Guest Editorial: No easy answers to zoning dispute on Broadway

Kennedy is a former managing editor at the Missourian and professor emeritus at the Missouri School of Journalism.
Kennedy is a former managing editor at the Missourian and professor emeritus at the Missouri School of Journalism.

Sunset Lane is a quiet, sloping street lined with modest, well-maintained houses. It’s the first street south of Broadway and runs from West Boulevard a couple of blocks west to a dead end. Near its foot, you can make a right onto Hillside, which connects to Broadway.
That’s the route I followed last Sunday. Like many of you, I’ve driven West Boulevard and Broadway hundreds of times. This time I walked in hopes of getting a better sense of the stakes in the zoning fight that, as it turned out, the Sunset Lane residents won Monday night.
That conflict, which has been going on for two years now and surely isn’t over, pits a pair of property owners who want to maximize their return against their neighbors, who want to preserve their peace and quiet. Its eventual outcome should interest us all.
If you listened closely at the Columbia City Council meeting Monday, you could hear echoes of the eternal tension between property rights and the right to be left alone. You could also hear cryptic references to the issue we’ll confront more often if we’re serious about limiting the sprawl of our growing village.
That’s what planners call “infill.” What it means is that either we grow endlessly outward or we fill the heart of the city with higher density and more commerce within walking or biking distance of where we live. Almost certainly, the choices that will be required will generate more conflicts like this one. Sure, I’d like to be able to walk to the store, but do I want it next door?
Just a month ago, you might recall, the Planning and Zoning Commission unanimously approved the petition by Mark Nichols and Petra Mierzwa to rezone from residential to planned business district the .6 acre they own on the southwest corner of Broadway and West Boulevard. The property currently is occupied by the Great Hangups frame shop and three rundown houses.
The idea the P&Z commissioners liked so well was to replace all that with a single two-story building of 8,000 square feet that would hold some sort of commerce on the ground floor and apartments above, plus parking for a couple of dozen cars. No restaurant, liquor store or sex shop would be allowed. The property owners would give the city right of way for a right-turn lane off Broadway onto West Boulevard.
The current owners don’t want to do the redevelopment themselves, but they’d sign a binding letter of intent limiting whoever does it.
I’m guessing that if you don’t live on Sunset Lane, this looks like a pretty good plan. After all, that corner has been commercial since at least 1929, and the much busier D&H Drugstore sits right across Broadway on the other corner. There’s even a promise that the redevelopment would bring about improvements to sewers and storm water disposal that the residents testified are urgently needed.

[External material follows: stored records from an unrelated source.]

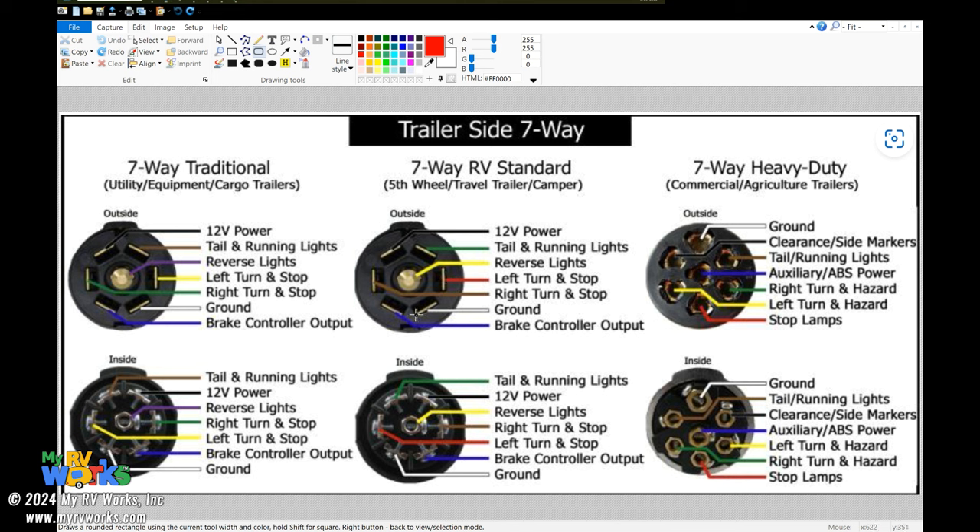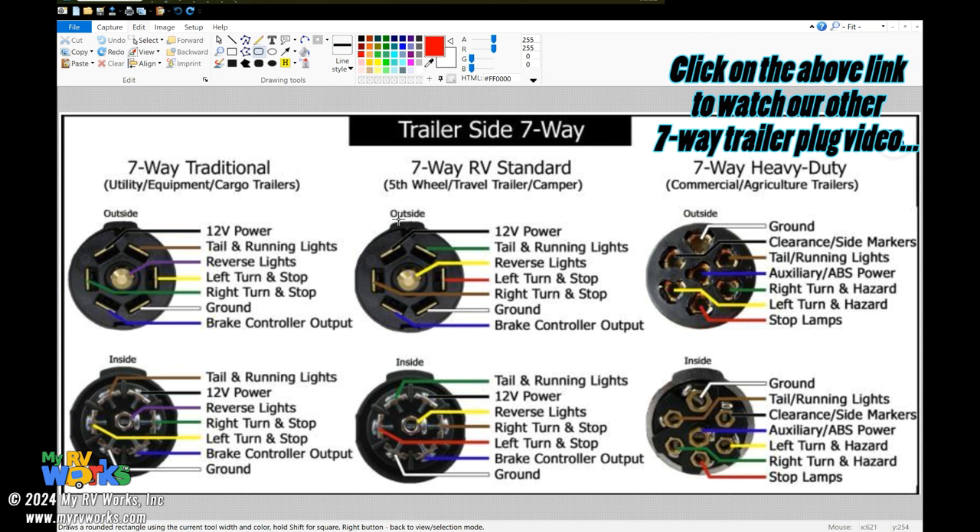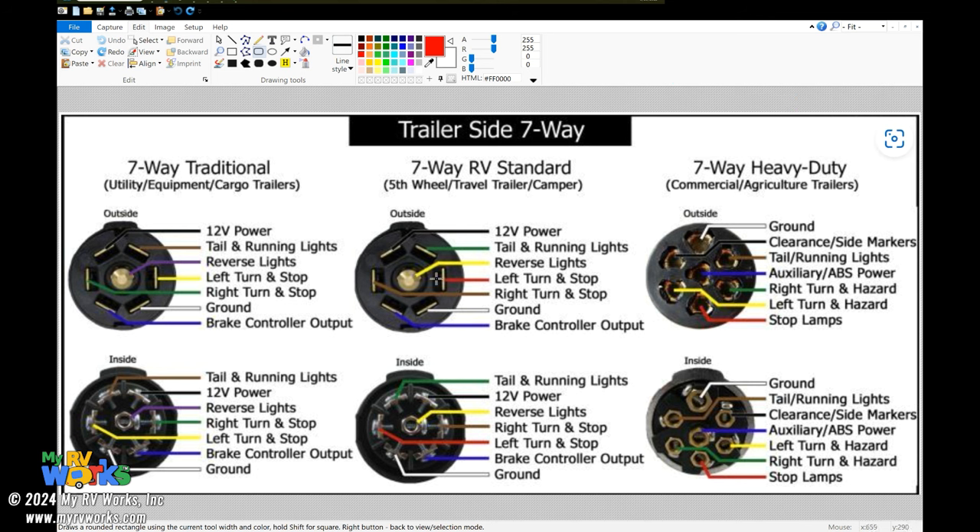We've got reverse lights here — that's purple; reverse lights here is yellow. Left turn on the right pin is yellow; here the left turn is green, and there's a red. Ground is white and brake is blue. This is exactly what would happen: people would wire their RV with one standard, go to turn on their left blinker, and the tail and running lights would start blinking. Then they'd make a big mess — reverse lights coming on when they shouldn't. It's just madness.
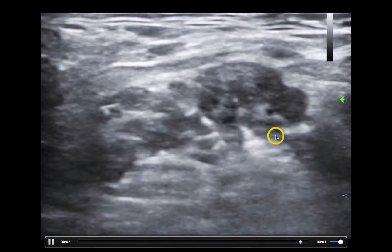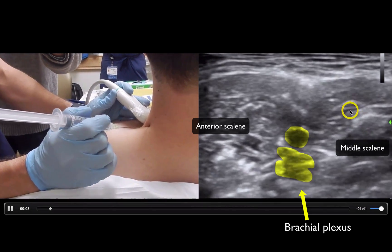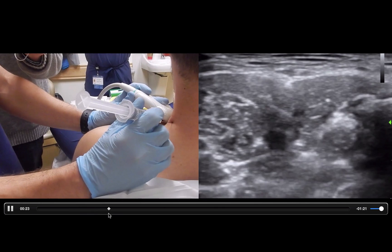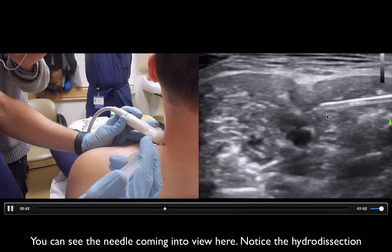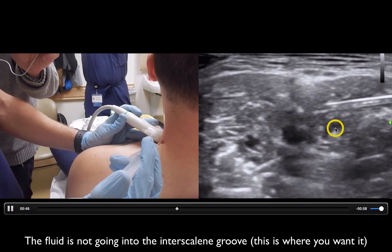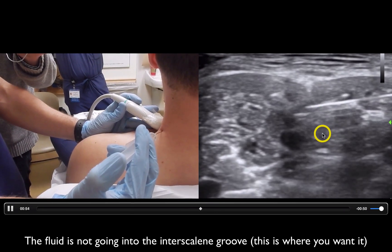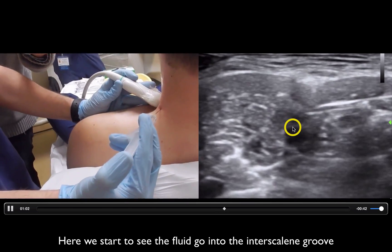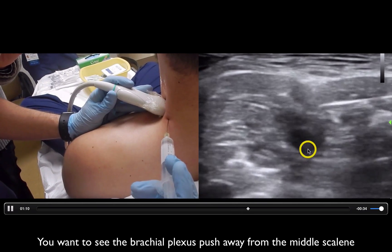Right here is the anterior scalene, there is the brachial plexus — kind of looks like stoplights — and here is the middle scalene. When I was a fellow, I had Matt Dawson, my fellowship director, do these blocks on me because I wanted to know if they were painful. There's my brachial plexus in yellow, middle scalene and anterior scalene. You'll see the needle come in. Matt is going to push a little fluid — hydrodissection — to see where we're at. The fluid is going into the muscle belly, not the interscalene groove, so he pushes further. Eventually you'll see fluid creeping in between the brachial plexus and the middle scalene, pushing the middle scalene away — that's what you want to see.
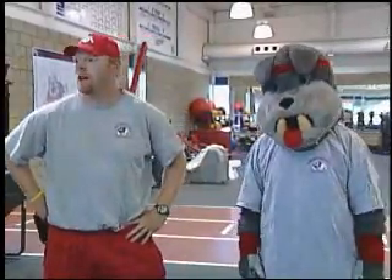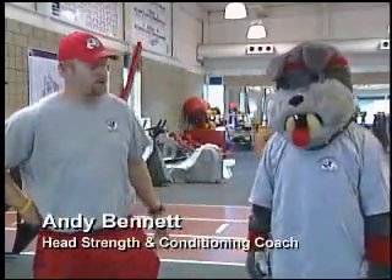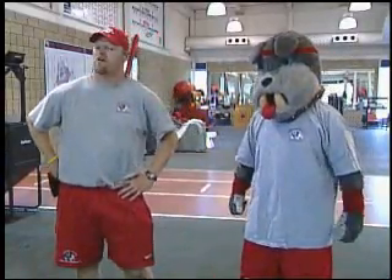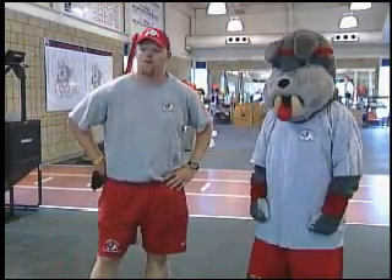We're also going to get a body fat test. At the beginning of summer, body fat was 30%. Now he's slim and trim, so we're going to get another test and see where he's at there. We also have a bench press test — the 225 test for reps — to see how many times he can do that.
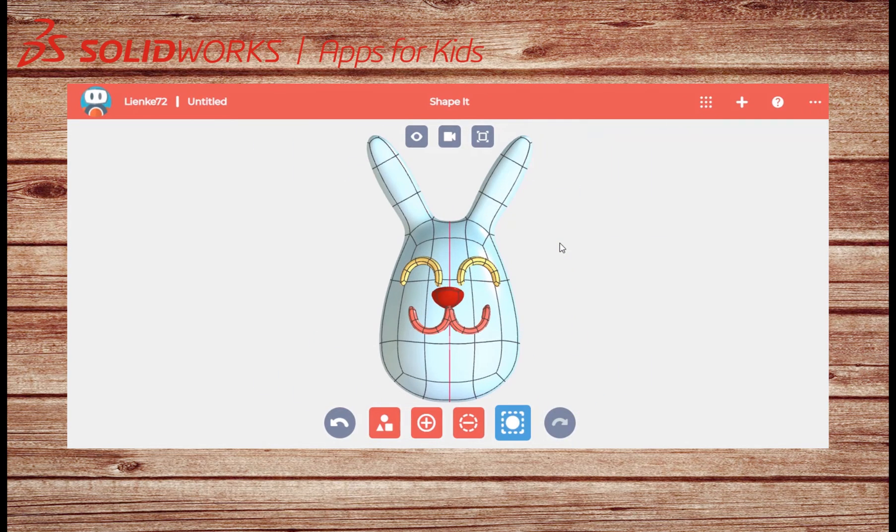I am done shaping my easter egg, so I will give it a name and head over to style it where I can give it some color.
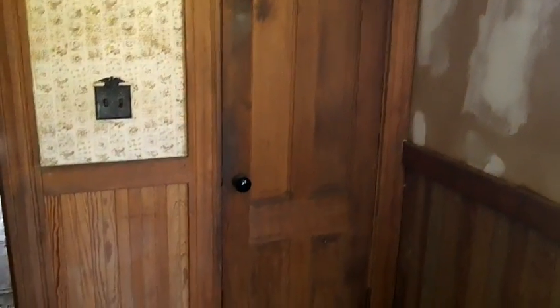What we want to do is take this really nice trim, which is chestnut — so you can get some better light on it over here — and we're going to take that out. We're going to show you some more of it. Here's a good shot right here: the door and all the trim around the door.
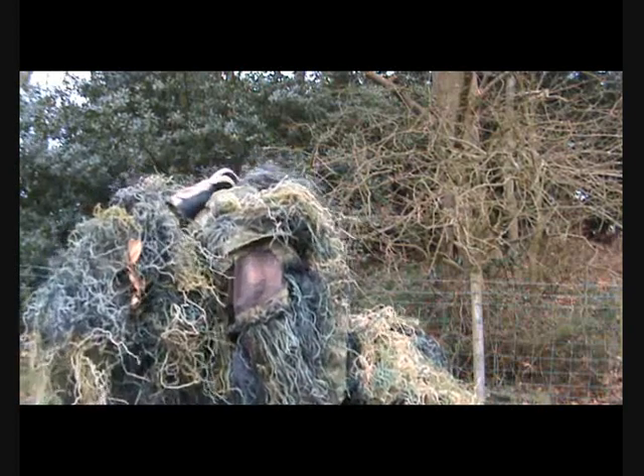Hello, this is a review for a ghillie suit from Military First seller on eBay.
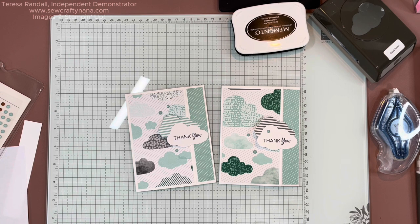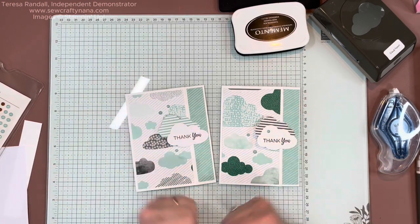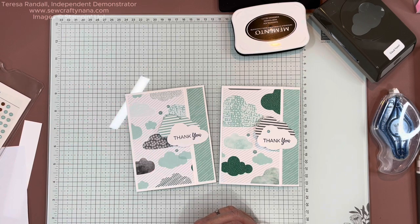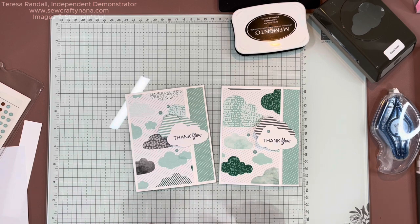Thank you again for joining me today. If you like this video, please give me a thumbs up and subscribe to my channel — I would love to get to 100 subscribers. Hit that notification bell so you'll know when I post another video. Links are in the description — check out my blog post and my Stampin' Up! store. Sale-a-bration only goes through the end of February, so if you want any of these Sale-a-bration items, get your order placed by then — there are a lot of choices. Thank you so much for your time. Have a great day, bye-bye!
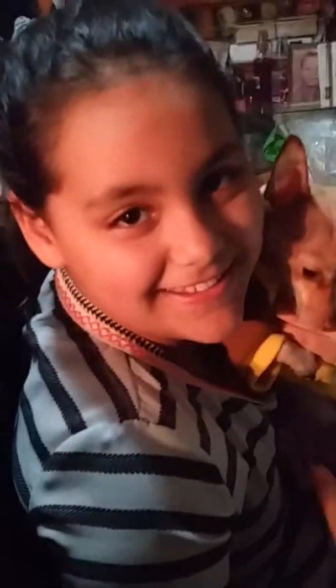Hi guys, my name is Jaylin and I got this Easy Nail Salon. My mom got it for me and she surprised me with it. So let's see if it really works. Let's get started.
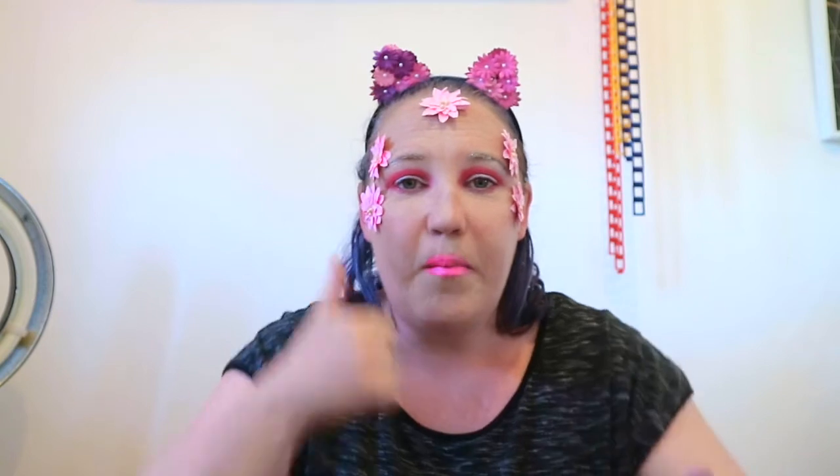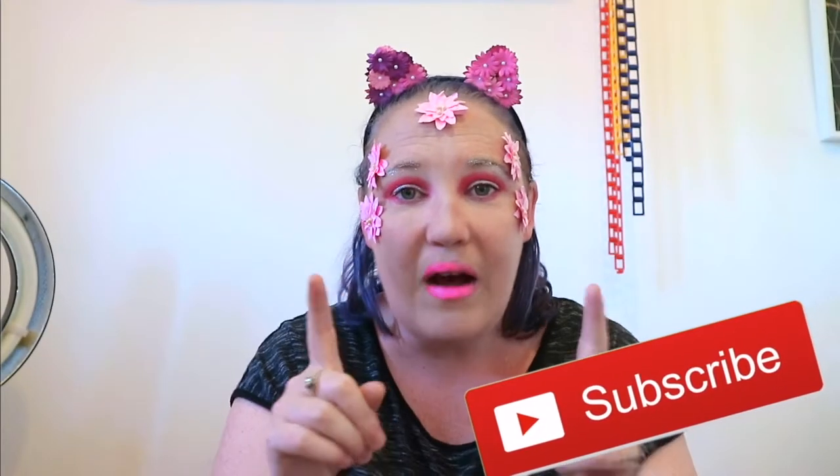There you have my finished springtime makeup tutorial — look how gorgeous it is, it's popping! I hope you enjoyed that video. If you did, give it a big thumbs up and subscribe if you haven't joined the butterfly family yet. Don't forget to press the little bell so it notifies you every time I upload. Thank you for your support — I'll see you next time, bye my butterflies!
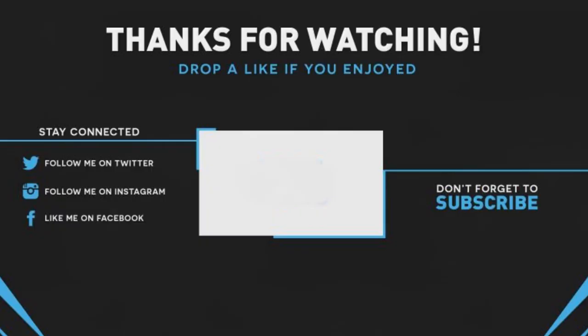So guys, that's all for today. I hope you like this video — if you enjoyed it, please give it a big thumbs up and share it with a friend. If you are new to my channel, please subscribe and don't forget to press the bell icon to get notifications for all the latest upcoming video tutorials. I'm Mehdi Shakil, you are watching SS Tech Tutorial, and I'm signing out.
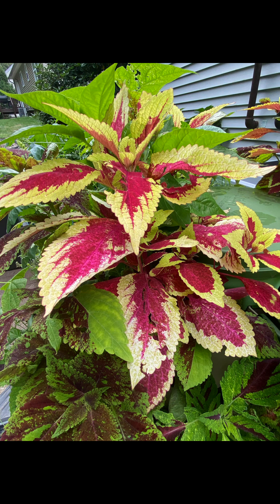And of course, I had to add coleus to give it some nice standout color, and these really did. I planted these from seed.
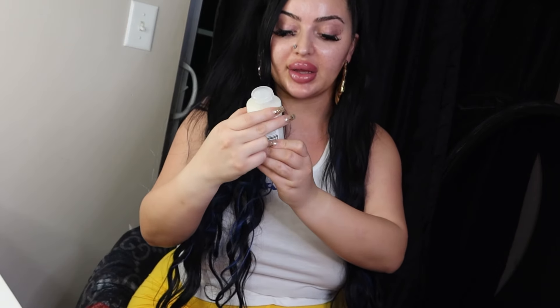Sometimes I'll also do the Olaplex Number Three on the tops of my hair, since there's only so much in the bottle. After applying the hair mask, I'll clip it back up and keep the mask on for the rest of my shower — about 20 minutes — letting it marinate in my hair.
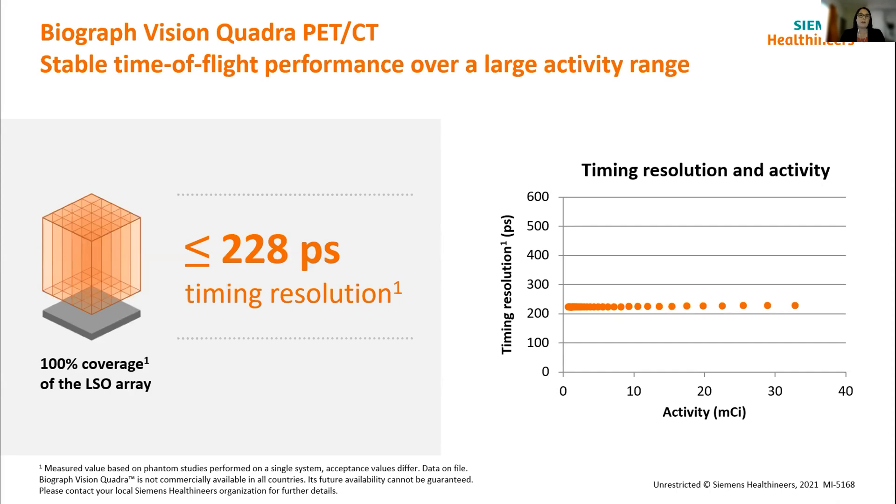The other important thing about timing resolution is knowing what its consistency is across different activity ranges. For normal clinical imaging, most of the time we might be sitting around a certain range. But in terms of having the capability to do dynamic work with very short half-life tracers, you might end up for a short time creeping up into the higher activity ranges during the initial bolus. So it's really good to know that your system is going to cope with that sort of activity range.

On the other hand, there’s the threat of increased traffic and the uncertainty created by an unknown developer and the absence of detailed plans. The opponents Monday night were well organized, passionate and equipped with videos that had musical accompaniment. They won, at least temporarily, 5-2.
Near the end of the City Council discussion, Mayor Bob McDavid quoted with apparent approval P&Z Commissioner David Brodsky, who said last month, “If we don’t rezone, we’ll have a dead corner in the middle of town.”
The mayor concluded, though, that the residents know better than either he or Brodsky “what’s in their best interest,” so he voted to deny.
On a quiet walk down Sunset Lane, it’s easy to sympathize with the people who live there. But I have to wonder what’s really in the best interest of the community as a whole.